2008-12-02 09:43:57 [MgmSrvr] INFO -- Node 4: Started arbitrator node 1 [ticket=7d3500026c59415c]
2008-12-02 09:44:04 [MgmSrvr] INFO -- Node 4: LCP Take over started
2008-12-02 09:44:04 [MgmSrvr] INFO -- Node 4: ParticipatingDIH = 0000000000000010
2008-12-02 09:44:04 [MgmSrvr] INFO -- Node 4: ParticipatingLQH = 0000000000000010
2008-12-02 09:44:04 [MgmSrvr] INFO -- Node 4: m_LCP_COMPLETE_REP_Counter_DIH = [SignalCounter: m_count=0 0000000000000000]
2008-12-02 09:44:04 [MgmSrvr] INFO -- Node 4: m_LCP_COMPLETE_REP_Counter_LQH = [SignalCounter: m_count=1 0000000000000010]
2008-12-02 09:44:04 [MgmSrvr] INFO -- Node 4: m_LAST_LCP_FRAG_ORD = [SignalCounter: m_count=1 0000000000000010]
2008-12-02 09:44:04 [MgmSrvr] INFO -- Node 4: m_LCP_COMPLETE_REP_From_Master_Received = 0
2008-12-02 09:44:04 [MgmSrvr] INFO -- Node 4: LCP Take over completed (state = 5)

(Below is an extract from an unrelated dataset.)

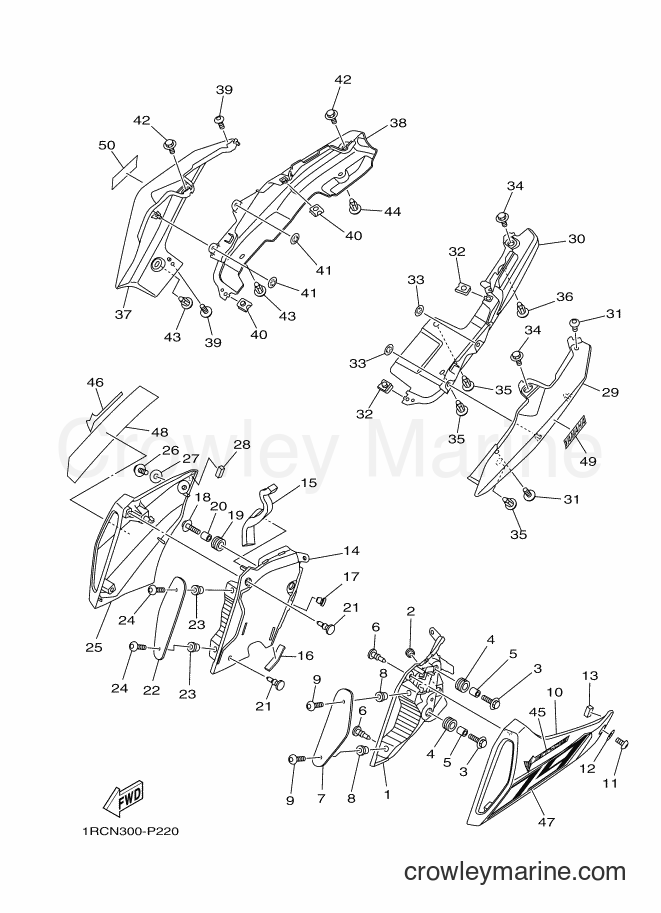 2015 Street Bike MT09A - MT09A (2DRF) [050] - SIDE COVER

2008-12-02 09:44:04 [MgmSrvr] INFO -- Node 4: ParticipatingDIH = 0000000000000010
2008-12-02 09:44:04 [MgmSrvr] INFO -- Node 4: ParticipatingLQH = 0000000000000010
2008-12-02 09:44:04 [MgmSrvr] INFO -- Node 4: m_LCP_COMPLETE_REP_Counter_DIH = [SignalCounter: m_count=1 0000000000000010]

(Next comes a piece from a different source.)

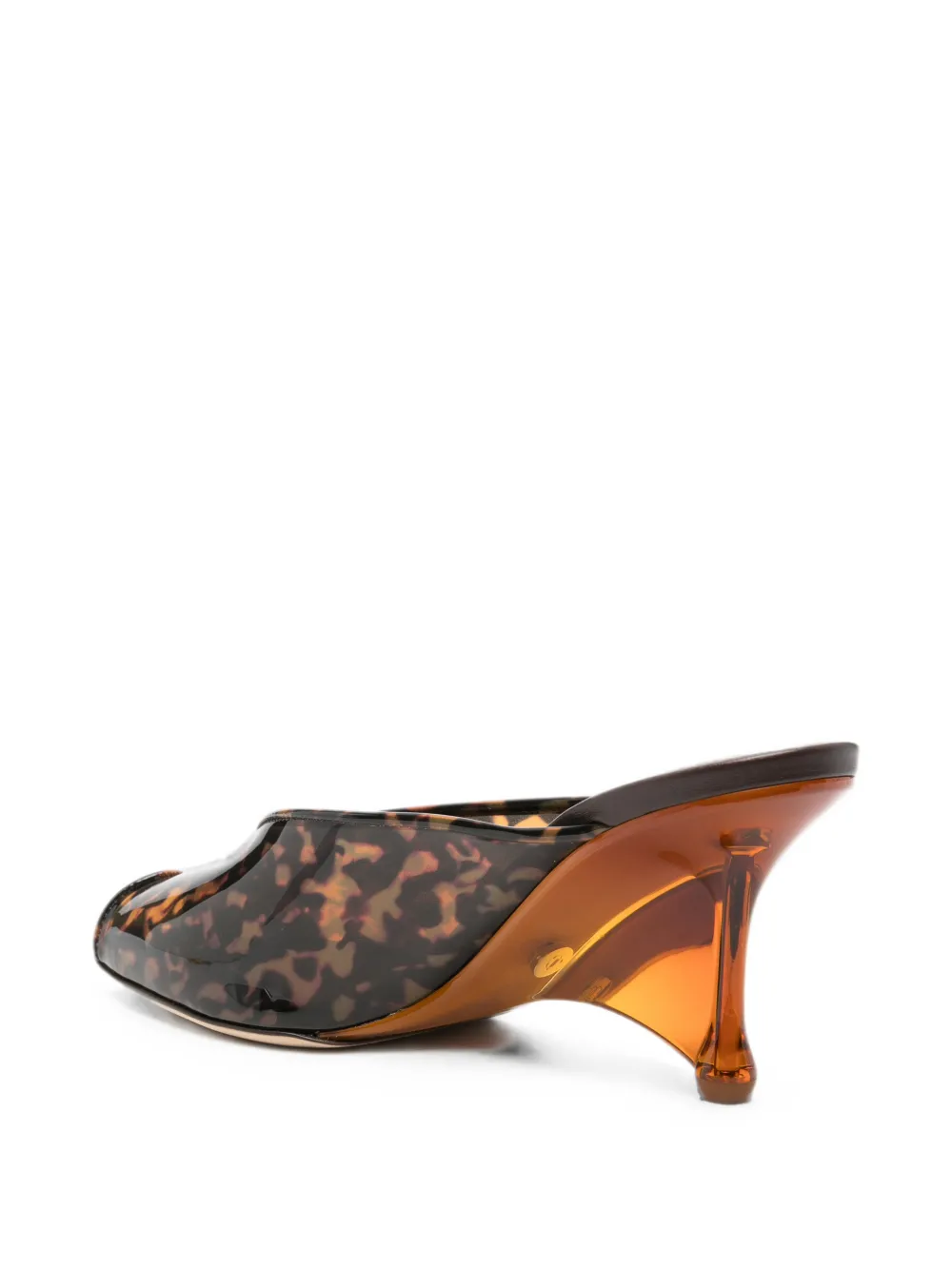 Jimmy Choo Glace tortoiseshell-effect mules Bruin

2008-12-02 09:44:04 [MgmSrvr] INFO -- Node 4: m_LCP_COMPLETE_REP_Counter_LQH = [SignalCounter: m_count=1 0000000000000010]
2008-12-02 09:44:04 [MgmSrvr] INFO -- Node 4: m_LAST_LCP_FRAG_ORD = [SignalCounter: m_count=1 0000000000000010]
2008-12-02 09:44:04 [MgmSrvr] INFO -- Node 4: m_LCP_COMPLETE_REP_From_Master_Received = 0
2008-12-02 09:44:08 [MgmSrvr] ALERT -- Node 2: Node 4 Disconnected
2008-12-02 09:44:09 [MgmSrvr] ALERT -- Node 4: Forced node shutdown completed. Caused by error 2303: 'System error, node killed during node restart by other node(Internal error, programming error or missing error message, please report a bug). Temporary error, restart node'.
Please let me know if you require more information.
How to repeat:
Problem is consistently repeatable on our system. Probably could be duplicated using the BACKUP files and a similarly configured system.